CFP: Minimal Computing special issue of Digital Humanities Quarterly

Link: http://digitalhumanities.org/dhq/submissions/cfps.html

Guest Editors
Alex Gil (Columbia University Libraries) and Roopika Risam (Salem State
University)

Abstracts Due
January 30, 2020

Special Issue Description

This special issue of Digital Humanities Quarterly will bring together essays
and case studies on the promises and limitations of minimal computing from
historical, practical, and theoretical perspectives, as well as within the
context of specific research projects and their environments.

Minimal computing can be defined as any form of digital or computational praxis
done under some set of significant constraints of hardware, software, education,
network capacity, power, agency or other factors. Within the context of digital
humanities scholarship, minimal computing refers to such computing practices
used for teaching, research, and the construction and maintenance of a hybrid –
digital and analog - scholarly and cultural record.

Broadly construed, our scope is not limited to digital scholarship within the
confines of universities and thus includes work undertaken in galleries,
archives (institution and community-based), and libraries, as well as in
collaboration with communities. In this issue, we strive for equity in gender
and particularly encourage submission by women and gender minorities. We further
actively seek to include at least one contribution from each of the following
geographical areas: Latin America, Africa, and Asia. We are able to accept
submissions in English, French, Portuguese, and Spanish.

Suggested Topics

Topics can include but are not limited to:

  *   Minimal hardware: aged machines, USBs, arduinos, simple circuits, etc.
  *   Minimal computation: simple scripts, bash, tranductions, etc.
  *   Static site generation
  *   Teaching fundamentals of computing tied to subjects in the humanities and
      the humanistic social sciences
  *   Forms of making-do in relation to computation: jugaad, hacktivism, DIY
  *   Technological disobedience, i.e. using technologies in a way they were not
      intended
  *   Marginal forms of knowledge and memory production involving computation
  *   A critique of minimal or minimalist approaches undertaken by choice,
      rather than by necessity
  *   Genealogies of minimalist forms of computation
  *   Case studies on projects that address a multiplicity of costs
      (environment, bandwidth, access, maintenance, etc) and needs (publishing,
      remembrance, resistance, etc) with an overall reduction in complexity
  *   Implications of minimal computing practices for universities, libraries
      and archives.

Submission Formats

The special issue will consist of two sections: The first section will be
reserved for scholarly arguments grounded in history or well argued theoretical
work on minimal computing, and the second section will include case studies in
the form of specific projects or deep descriptions of environments that pose
particular challenges or constraints for digital scholarship and strategic
responses to them that incorporate minimal computing practices.
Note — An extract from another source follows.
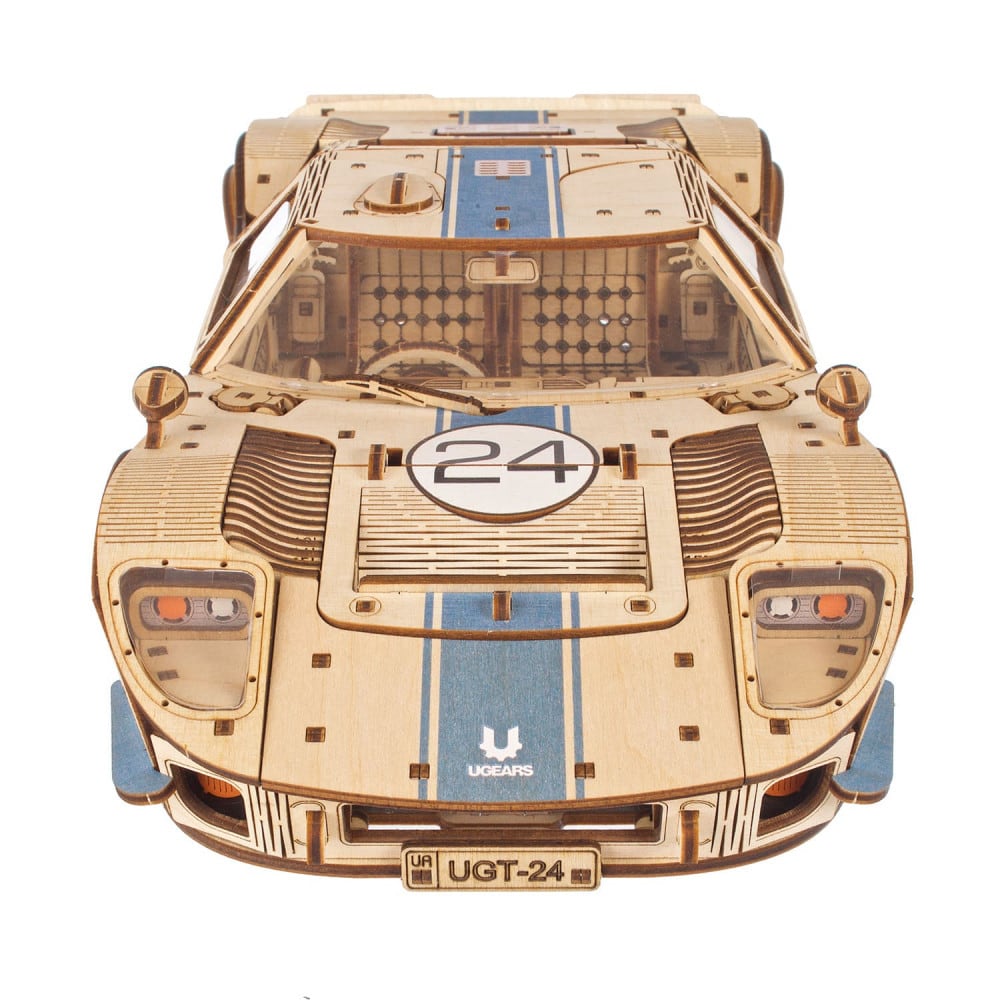 Elemento mecánico funcional del Endurance Racer UGT-24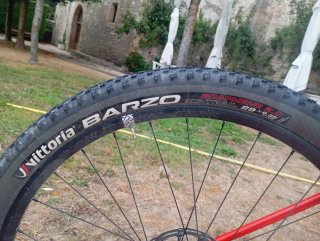 Bicicleta Ridley Ignite SLX Roja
In the first section, we welcome historical perspectives on minimal computing
that place contemporary practices in dialogue with multiple documented
genealogies; theoretical or strategic pieces that examine socio-technical
implications of these practices at scale today; and critical or skeptical voices
who are familiar with the implications of minimal computing and the informal
discussions and practices that have taken place in the recent past.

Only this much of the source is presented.